Another test conducted within the scope of this study is a list of the most frequently occurring words by discipline. The list of the top ten most common verbs for each discipline is provided in Appendix 1. When Appendix 2 is examined, it is evident that the adjectives are almost entirely different for each discipline. Upon examining this list, it is evident that the verbs vary minimally across disciplines. Figure 3, on the other hand, displays a word cloud generated from the most frequently used verbs across the entire dataset.
Figure 4 presents a word cloud generated from the most frequently used nouns. The inclusion of the term “Turkey” is believed to be a result of examining theses from Turkey. The other words in the word cloud are consistent with thesis writing and academic language.
DISCUSSION
Our research findings delineate a heightened lexical richness in the social sciences compared to the natural sciences. Notably, the variability in lexical richness across these disciplines was not significantly distinct. These insights contribute to our understanding of lexical diversity in academic writing and underscore the necessity of striking a balance between word richness and readability. The results suggest that various academic disciplines possess distinct language and style attributes, with both social and natural sciences exhibiting discernible lexical richness. This demonstrates that each discipline possesses its unique lexicon shaped by the discipline’s specific topics and research methods. In the natural sciences, which often employ a more technical and specific language, a lower lexical richness might be anticipated, given the typically narrower focus of the studies. Conversely, the social sciences typically engage with broader and varied topics, necessitating a more extensive language repertoire. These results underscore the significance of language in scientific communication and highlight the need to recognize the critical role of language in the transmission of scientific knowledge. We propose that academic writing should consider this role of language to enhance interdisciplinary comprehension.
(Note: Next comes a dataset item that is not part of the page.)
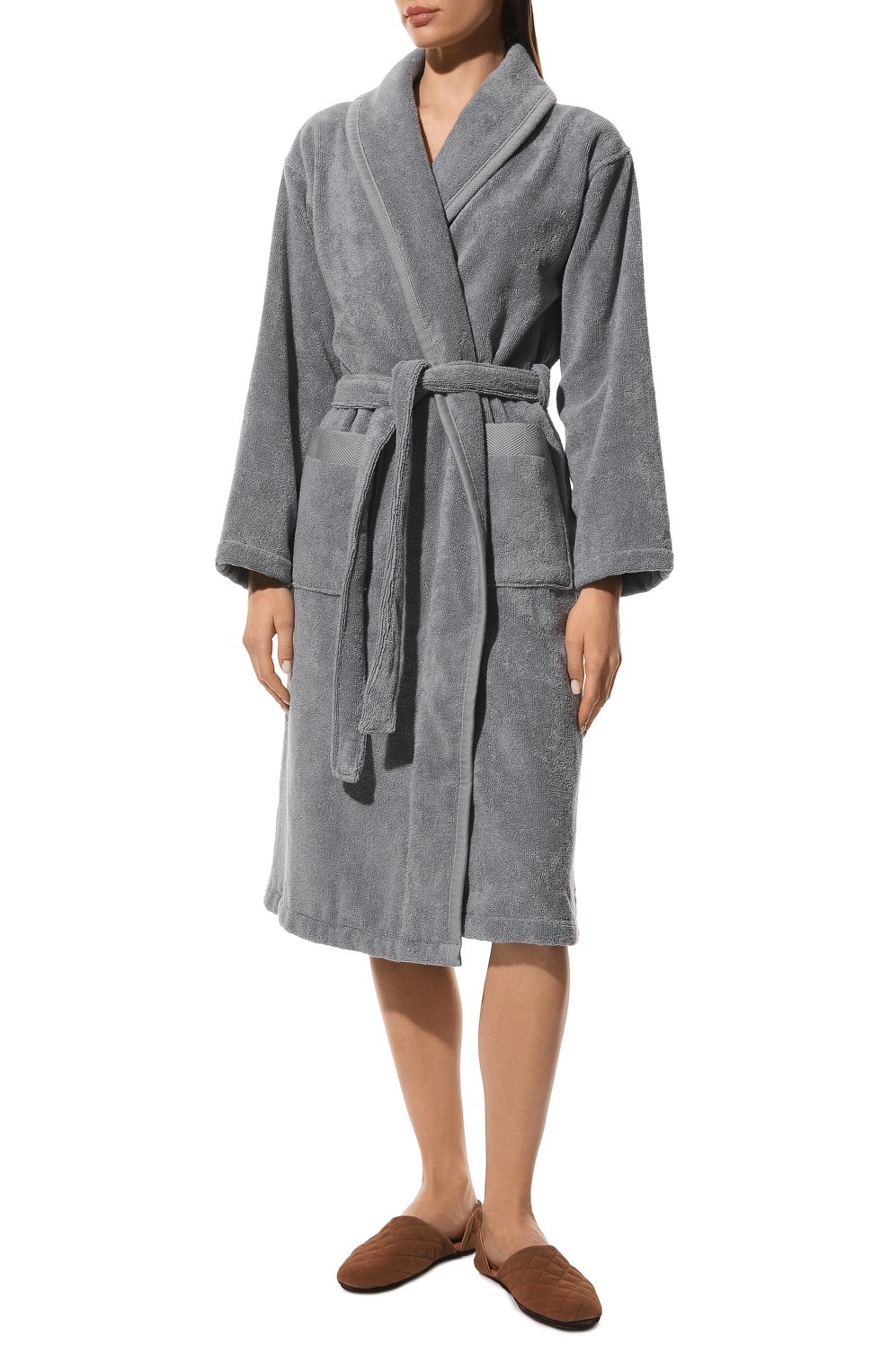 Хлопковый халат FRETTE, арт. FR6244 D2060 G02S, фото 2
Table 2 reveals significant variances in word richness, unique word count, and total word count across different disciplines. For instance, despite having the highest total word count (2,727,715), the discipline of History exhibits the lowest lexical richness (0.0256). This could be attributed to historical studies often covering a broad range of topics, thereby necessitating a larger vocabulary. Nevertheless, it also reveals the tendency of historical studies to utilize a particular language and style that tends to be more general and broader. Conversely, the discipline of Biomedicine displays the highest lexical richness (0.0690), indicative of its usage of technical and specific language. This suggests that research in this field often focuses on very specific and specialized topics, thereby necessitating a larger vocabulary. Furthermore, the high lexical richness in Literature (0.0602) indicates that literary studies often cover broad and varied topics, requiring a wider vocabulary. The varying emphasis on different word types (noun, verb, adjective) across disciplines highlights distinct stylistic and linguistic differences.
The effects of the normalization process on lexical richness are evident in Table 2. For instance, the lexical richness of the Biomedicine discipline rose from 0.069 to 6.27 after normalization. Similarly, the lexical richness of History increased from 0.0256 to 1.16 after normalization. This demonstrates that through normalization, each discipline’s lexical richness becomes proportional to the total word count. Disciplines with increased lexical richness ratio post-normalization (Biomedicine, Life Sciences, Medicine and Public Health, Computer Sciences, Literature) are generally those requiring the use of specific terms and jargon. Conversely, disciplines with a reduced lexical richness ratio post-normalization (Mathematics, Linguistics, History) tend to write about more general and broad concepts.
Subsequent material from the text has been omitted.